RCFC 81(d)(7) provides that a corporation must be represented by counsel in order to prosecute an action in the Court of Federal Claims. Normally, if a plaintiff corporation fails to comply with this rule, the court may dismiss the case. Sermor, Inc. v. United States, 13 Cl.Ct. 1, 5-6 (1987). In this case defendant has filed substantial counterclaims. The issue presented by Mr. Kerr’s motion is what happens to the pending counterclaims if and when plaintiff fails to retain new counsel.

Other courts addressing this issue have allowed a corporate plaintiff time to retain substitute counsel. If, however, a plaintiff fails to retain counsel, those courts have entered a default judgment (on motion of the defendant) on the pending counterclaims pursuant to Fed.R.Civ.P. 55(d). London-Swiss Commodity Investors, Ltd. v. Donney Securities, Inc., 78 Civ. 5548 (MJL), slip op. (S.D.N.Y.1979); see also Daewoo Electronics Corp. v.

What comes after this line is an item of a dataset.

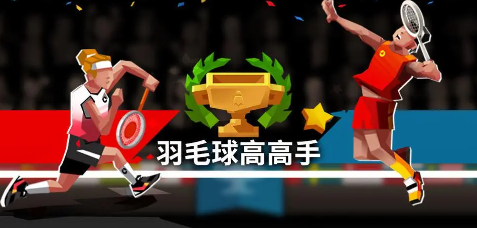 专注力训练手机游戏6-12分享2023 适合孩子玩的专注力手游安卓下载推荐截图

Western Auto Supply Co., 975 F.2d 474, 476 (8th Cir.1992). In Daewoo a corporate defendant severely hampered counsel’s efforts to prosecute the corporation’s claim. The district court ordered the corporation to secure new counsel. When the corporation failed to comply after a sua sponte extension of time, the court entered a default judgment on defendant’s counterclaims.3

These cases support the relief requested by defendant. Accordingly, based on the foregoing,

IT IS ORDERED, as follows:

*4721. Mr. Kerr’s motion to withdraw is granted.

2. Plaintiff shall secure substitute counsel by February 16, 1993, both to prosecute its action and to defend against defendant’s counterclaims.

3. If plaintiff fails to comply with this order, the court will dismiss its case for failure to prosecute pursuant to RCFC 41(b). Thereafter, defendant may move for entry of default judgment for the full amount of defendant’s counterclaims. Should defendant file such a motion, briefing will be expedited pursuant to RCFC 77.1(b)(2).

4. The Clerk of the Court shall serve a copy of this order on plaintiff’s chief executive officer, H. Peter Tepperman.

. At defendant’s request and pursuant to RCFC 52.1(b), the order filed on January 13, 1993, is reissued for publication this date.

. The court discussed these issues with Mr. Kerr and defendant at the January 8 status conference.

. The precise damage amount was determined at a later hearing.